◆ PROMPT:
Would you retype the listing word for word, skipping its pictures?

====== PROVIDED MATERIAL

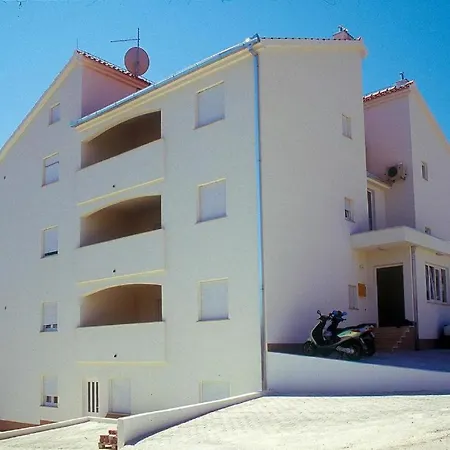 Natali Apartment *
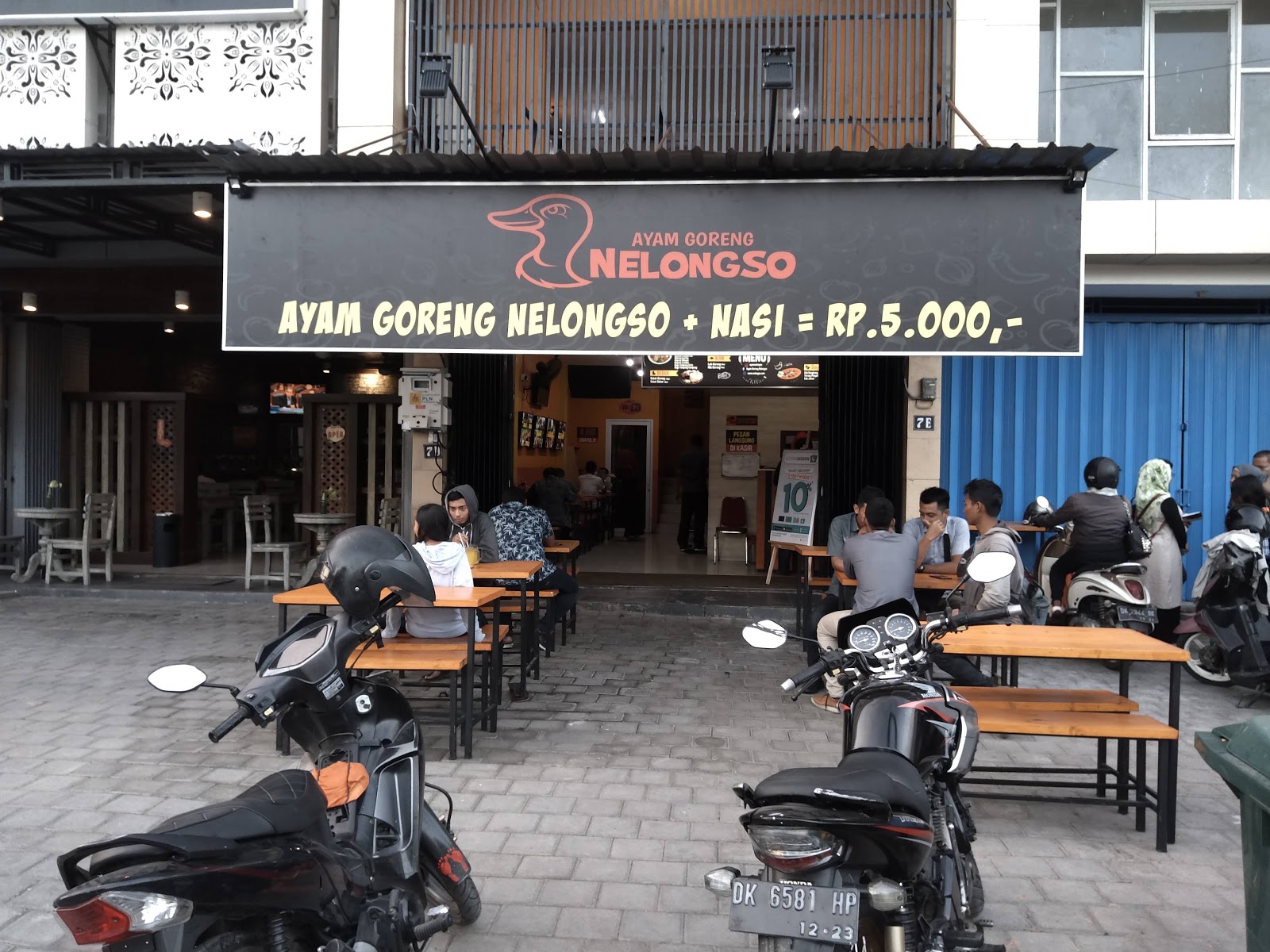 Sensasi Ayam Goreng Nelongso Di Bali Yuni Handono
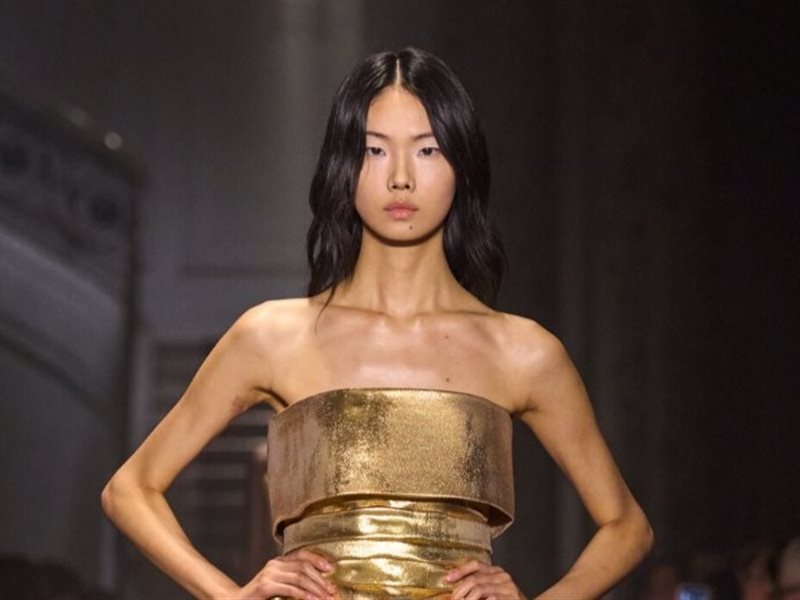 أسطورة خيالية على منصات باريس… إيلي صعب يعيد تعريف الفخامة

============

◆ REPLY:
 Natali Apartment *
 Sensasi Ayam Goreng Nelongso Di Bali Yuni Handono
 أسطورة خيالية على منصات باريس… إيلي صعب يعيد تعريف الفخامة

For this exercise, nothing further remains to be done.